Gamestar(t): un campamento de verano pegado a la consola

Gamestart - sabiasundato
Dos niños de unos doce años están solos delante del ordenador programando su primer videojuego. Están utilizando Kodu, un programa que permite diseñar pantallas a golpe de ratón y que utiliza un lenguaje de programación muy visual y bastante sencillo para dar instrucciones a los personajes. “Es la primera vez que lo usamos, no está mal”, dicen.

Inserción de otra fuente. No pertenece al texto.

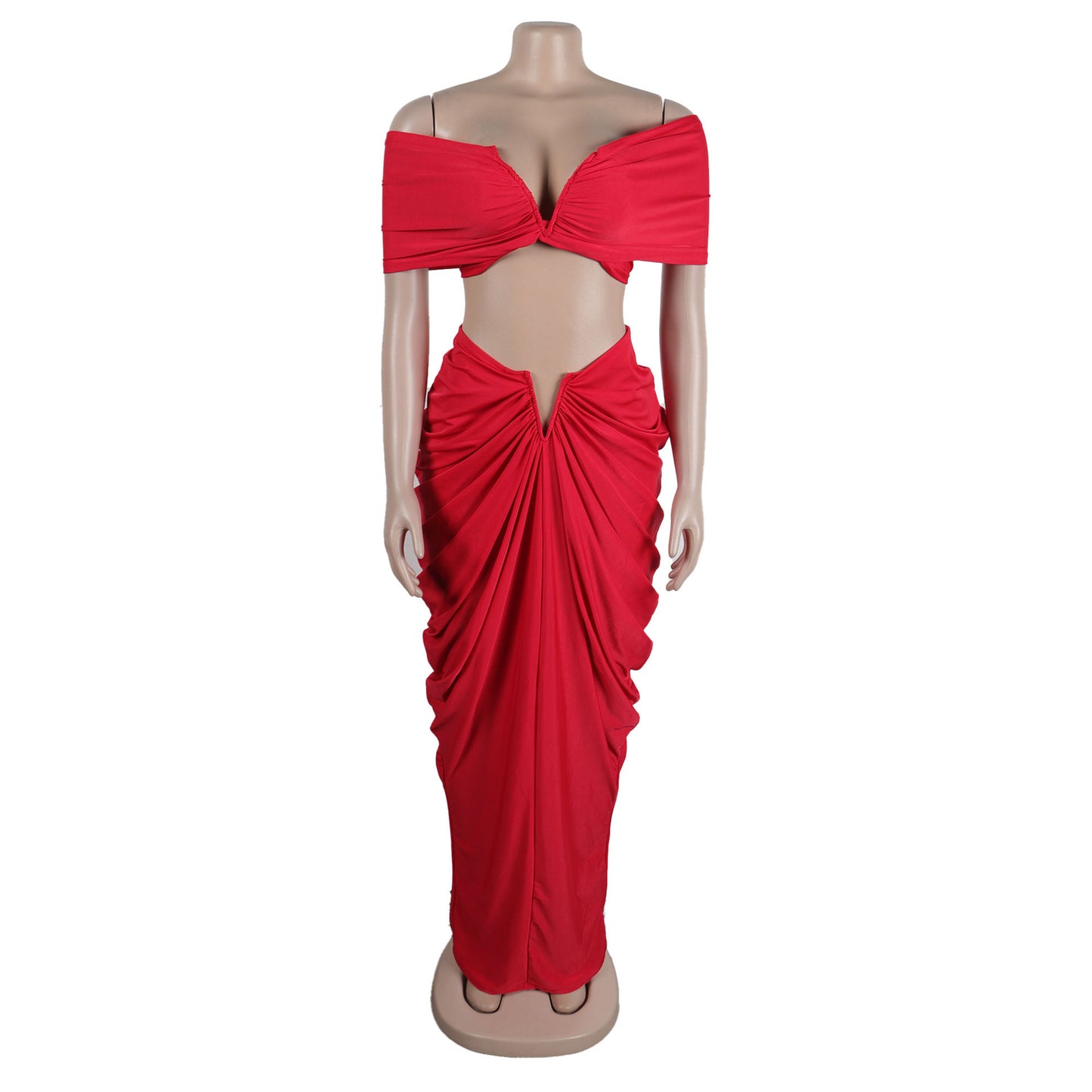 MALYBGG Two-Piece Set of Sleeveless Bandeau Elastic Tight Floor-Length Pleated Skirt 10642LY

Es cierto, no está nada mal: han aprendido a dialogar con la máquina y a pedirle en su idioma que haga cosas; van descubriendo que si no formulan bien la frase o no usan las palabras correctas, no hay respuesta; y van viendo, a golpes, que los precipicios deben medir una distancia que los personajes puedan saltar, que las cosas no pueden colocarse a lo loco, que el diseño importa mucho. Al mismo tiempo, el resto de sus compañeros de clase emplea su hora de recreo jugando a Minecraft junto con su profesora, María Rubio.
“Al próximo que ataque le baneo”, suelta Gabri, el chaval que ha montado el servidor en el que está jugando el grupo. “¿Para qué tenemos puertas si las dejamos abiertas?”, dice María. Se refiere al refugio que están montando dentro del juego.

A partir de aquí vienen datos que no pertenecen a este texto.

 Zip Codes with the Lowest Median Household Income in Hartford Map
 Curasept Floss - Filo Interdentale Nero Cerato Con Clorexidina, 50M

Le responde Rubén, uno de los alumnos más pequeños: “He sido yo, me la he dejado abierta sin querer”. “Vamos a organizarnos, ¿quién busca carbón?”, “¿quién hace picos?”, “¿quién me ha robado?”, “No gritéis”. Así, más o menos, es como suena la escuela de verano de Gamestart, un proyecto educativo basado en pedagogías libres y que utiliza como vehículo los videojuegos y la robótica.
La iniciativa nace en la asociación Arsgames, un colectivo dedicado a la investigación y la divulgación en torno a los videojuegos. María Rubio es la vicepresidenta de Arsgames y la coordinadora de este peculiar campamento de verano sin tiendas de campaña, sin fogatas y sin paseos en canoa. María se refiere a Gamestart como un “aula de tecnología”. Ese es el objetivo: la educación tecnológica de los chavales utilizando los videojuegos, los robots y las pedagogías libres.
Siguiendo esa filosofía educativa que apuntala Gamestart, cada mañana las clases comienzan con una asamblea en los dos profesores y los siete alumnos se sientan en círculo en el suelo y debaten de igual a igual qué van a hacer a lo largo del día.
“Si deciden que hay una actividad del programa que no quieren hacer, no se hace”, afirma María. También pueden pasar del programa y proponer sus propias actividades. Por ejemplo, al segundo día de campamento decidieron que querían dar algunas clases ellos mismos, así que se han documentado y han preparado lecciones de servidores, Minecraft y Kodu para sus compañeros. Alguna no ha salido del todo bien, pero seguro que algo han aprendido en el proceso.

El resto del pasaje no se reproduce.